Перед Космасом стояла незнакомая пожилая женщина. Теряясь в догадках, он вглядывался в ее черты и слушал, как рядом бормотала молитвы вторая женщина, ее подруга.
— Я не узнаю вас! — вынужден был признать Космас.
— Ничего удивительного.
Космас видел, с каким усилием к ней возвращались спокойствие и хладнокровие, как на ее лицо снова ложилась печать достоинства, словно румянец после мертвенной бледности, вызванной волнением. «Госпожа Георгия!» — мелькнула наконец догадка.
— Да, — услышал он ее голос, — госпожа Георгия. Голос прозвучал неохотно и устало, голос разбитого, несчастного человека, измученного своими страданиями и страданиями других.
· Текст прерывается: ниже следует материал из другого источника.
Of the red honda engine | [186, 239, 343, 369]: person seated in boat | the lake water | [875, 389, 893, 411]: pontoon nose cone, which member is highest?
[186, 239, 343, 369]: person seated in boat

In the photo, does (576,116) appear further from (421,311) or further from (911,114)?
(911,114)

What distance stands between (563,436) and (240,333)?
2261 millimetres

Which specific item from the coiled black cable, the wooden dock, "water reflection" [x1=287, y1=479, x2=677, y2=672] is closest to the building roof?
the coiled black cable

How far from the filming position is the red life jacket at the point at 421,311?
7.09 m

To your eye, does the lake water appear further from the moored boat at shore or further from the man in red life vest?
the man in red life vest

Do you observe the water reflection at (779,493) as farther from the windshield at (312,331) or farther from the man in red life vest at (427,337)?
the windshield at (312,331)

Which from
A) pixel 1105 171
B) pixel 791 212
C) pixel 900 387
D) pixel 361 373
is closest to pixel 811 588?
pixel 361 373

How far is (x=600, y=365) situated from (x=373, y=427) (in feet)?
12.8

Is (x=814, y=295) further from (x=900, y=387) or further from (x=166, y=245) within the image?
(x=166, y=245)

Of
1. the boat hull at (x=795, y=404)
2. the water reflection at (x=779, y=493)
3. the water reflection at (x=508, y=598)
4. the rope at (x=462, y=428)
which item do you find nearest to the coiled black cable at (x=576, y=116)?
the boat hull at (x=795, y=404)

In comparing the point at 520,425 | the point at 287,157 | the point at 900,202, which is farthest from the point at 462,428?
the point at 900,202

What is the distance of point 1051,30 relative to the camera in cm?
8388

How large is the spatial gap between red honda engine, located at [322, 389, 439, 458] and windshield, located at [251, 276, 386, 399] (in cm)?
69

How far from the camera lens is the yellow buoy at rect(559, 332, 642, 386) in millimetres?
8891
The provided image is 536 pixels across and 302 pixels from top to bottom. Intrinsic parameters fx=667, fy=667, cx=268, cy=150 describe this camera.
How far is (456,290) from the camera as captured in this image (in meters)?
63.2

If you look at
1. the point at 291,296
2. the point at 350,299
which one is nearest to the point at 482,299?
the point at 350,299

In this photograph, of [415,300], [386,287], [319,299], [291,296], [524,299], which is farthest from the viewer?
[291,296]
Никогда не испытывал Космас к этой женщине тех недобрых чувств, которые испытывал к ее мужу или сыну, и сейчас, увидев ее здесь, бездомную и измученную, проникся к ней глубоким сочувствием: она ни с кем не воевала, ни на кого не нападала, за что же ее бросили в этот водоворот войны и страданий? Госпожа Георгия глотала душившие ее слезы. Космас подал ей руку, усадил на ступеньку.
— Я видела тебя позавчера… Но что скрывать? Я не хотела, чтоб ты меня узнал. Я знаю, Джери и его друзья причинили тебе много горя…
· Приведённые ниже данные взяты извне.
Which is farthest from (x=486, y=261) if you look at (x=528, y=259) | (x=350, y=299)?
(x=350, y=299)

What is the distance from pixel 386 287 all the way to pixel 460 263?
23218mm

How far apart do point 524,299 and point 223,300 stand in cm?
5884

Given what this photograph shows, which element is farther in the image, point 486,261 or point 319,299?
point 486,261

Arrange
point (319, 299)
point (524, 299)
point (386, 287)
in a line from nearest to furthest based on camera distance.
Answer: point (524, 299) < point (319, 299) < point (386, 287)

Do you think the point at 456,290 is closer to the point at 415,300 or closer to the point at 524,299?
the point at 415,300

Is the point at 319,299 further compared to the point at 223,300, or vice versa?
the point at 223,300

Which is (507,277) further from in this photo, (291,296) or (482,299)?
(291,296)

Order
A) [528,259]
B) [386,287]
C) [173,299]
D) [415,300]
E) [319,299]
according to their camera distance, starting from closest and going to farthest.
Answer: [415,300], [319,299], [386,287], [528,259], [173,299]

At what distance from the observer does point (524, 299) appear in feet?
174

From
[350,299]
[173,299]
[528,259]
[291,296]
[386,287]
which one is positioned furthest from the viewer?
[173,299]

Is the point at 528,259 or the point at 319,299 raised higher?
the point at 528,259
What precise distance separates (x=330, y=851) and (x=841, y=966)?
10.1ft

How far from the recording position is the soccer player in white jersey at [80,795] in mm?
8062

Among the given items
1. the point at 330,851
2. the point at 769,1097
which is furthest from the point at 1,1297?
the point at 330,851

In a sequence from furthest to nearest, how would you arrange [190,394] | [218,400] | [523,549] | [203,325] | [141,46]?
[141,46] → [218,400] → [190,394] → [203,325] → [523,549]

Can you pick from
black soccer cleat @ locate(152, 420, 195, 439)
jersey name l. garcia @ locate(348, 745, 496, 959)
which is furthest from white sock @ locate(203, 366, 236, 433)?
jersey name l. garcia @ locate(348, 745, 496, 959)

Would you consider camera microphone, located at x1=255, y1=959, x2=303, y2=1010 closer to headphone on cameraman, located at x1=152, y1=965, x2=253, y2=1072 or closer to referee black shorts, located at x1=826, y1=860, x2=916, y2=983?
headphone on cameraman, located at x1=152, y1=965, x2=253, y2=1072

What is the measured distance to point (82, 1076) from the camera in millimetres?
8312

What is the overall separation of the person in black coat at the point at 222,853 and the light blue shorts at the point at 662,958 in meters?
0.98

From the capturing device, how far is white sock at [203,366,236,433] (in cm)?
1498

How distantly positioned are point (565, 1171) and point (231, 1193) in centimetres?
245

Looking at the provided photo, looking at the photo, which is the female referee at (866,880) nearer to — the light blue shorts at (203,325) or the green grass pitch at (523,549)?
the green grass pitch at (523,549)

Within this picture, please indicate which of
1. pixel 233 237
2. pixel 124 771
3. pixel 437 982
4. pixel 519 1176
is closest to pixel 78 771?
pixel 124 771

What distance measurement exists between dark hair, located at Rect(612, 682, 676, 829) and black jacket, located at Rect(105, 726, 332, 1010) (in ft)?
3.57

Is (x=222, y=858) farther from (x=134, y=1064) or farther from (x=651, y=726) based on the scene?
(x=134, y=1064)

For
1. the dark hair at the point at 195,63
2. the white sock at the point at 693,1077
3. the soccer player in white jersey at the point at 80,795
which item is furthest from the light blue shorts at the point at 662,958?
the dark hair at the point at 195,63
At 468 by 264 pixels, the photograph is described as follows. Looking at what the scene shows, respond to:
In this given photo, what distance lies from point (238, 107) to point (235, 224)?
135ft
Она подняла глаза, увидела пустой рукав его пиджака, застонала и снова заплакала.
— И ты много пережил, мой мальчик, и мы много пережили…
Она вынула черный платочек и вытерла глаза. Ее старое пальто, как видно, было с чужого плеча.
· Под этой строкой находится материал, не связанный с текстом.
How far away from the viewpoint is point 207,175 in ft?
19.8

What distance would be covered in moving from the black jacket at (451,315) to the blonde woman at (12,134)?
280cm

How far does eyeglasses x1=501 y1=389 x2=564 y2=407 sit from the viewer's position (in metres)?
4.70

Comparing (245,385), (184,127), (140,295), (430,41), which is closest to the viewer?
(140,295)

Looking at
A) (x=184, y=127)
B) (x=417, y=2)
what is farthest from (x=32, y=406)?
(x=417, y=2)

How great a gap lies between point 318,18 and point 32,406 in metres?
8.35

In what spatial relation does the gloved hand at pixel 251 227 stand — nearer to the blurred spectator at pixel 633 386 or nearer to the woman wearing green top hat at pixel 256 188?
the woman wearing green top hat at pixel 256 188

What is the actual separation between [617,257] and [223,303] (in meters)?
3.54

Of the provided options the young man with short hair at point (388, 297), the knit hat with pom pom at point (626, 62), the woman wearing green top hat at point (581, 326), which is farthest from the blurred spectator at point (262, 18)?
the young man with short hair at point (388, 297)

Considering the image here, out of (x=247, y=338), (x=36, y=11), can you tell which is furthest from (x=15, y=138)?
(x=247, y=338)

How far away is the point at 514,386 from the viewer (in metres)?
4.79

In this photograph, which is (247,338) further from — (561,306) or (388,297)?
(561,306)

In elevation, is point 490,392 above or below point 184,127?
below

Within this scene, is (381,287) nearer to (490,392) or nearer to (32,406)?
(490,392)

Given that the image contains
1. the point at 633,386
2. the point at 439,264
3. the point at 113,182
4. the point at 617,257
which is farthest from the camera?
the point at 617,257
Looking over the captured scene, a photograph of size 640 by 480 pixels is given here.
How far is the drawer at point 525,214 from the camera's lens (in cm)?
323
— Мужа моего больше нет в живых. Он не был таким дурным, как вы думаете, и Джери тоже не дурной, Космас. Все люди не дурные… Время сделало дикими и их, и вас…
— Где вы теперь живете, госпожа Георгия? Она снова застонала.
— Здесь, на алтаре. Нас человек пятьдесят. Все больные. Мы мерзнем, у нас нет ни крошки…
— Сегодня уже поздно, — сказал Космас, — но завтра мы непременно что-нибудь придумаем. А вы подождите меня здесь, госпожа Георгия, я скоро вернусь.
По просьбе Космаса госпожу Георгию и ее подругу, сестру какого-то полковника, поселил у себя дома один из юных бойцов «Леонида». На другое утро начали устраивать остальных. На это ушло много дней и много сил. История каждого из тех несчастных, что лежали на холодном каменном полу церкви, была глубоко драматична. Космас и не подозревал, что на том берегу тоже разыгрывались драмы. И это было очень горько — видеть, что, сам того не желая, причинил другим зло. Это очень горько, если ты никому не хочешь вреда, если жертвуешь собой ради других и эти другие вытесняют тебя из твоей жизни, из твоих мыслей, из твоей души… И ты тоже невольно обижаешь невинных, сеешь слезы, причиняешь боль…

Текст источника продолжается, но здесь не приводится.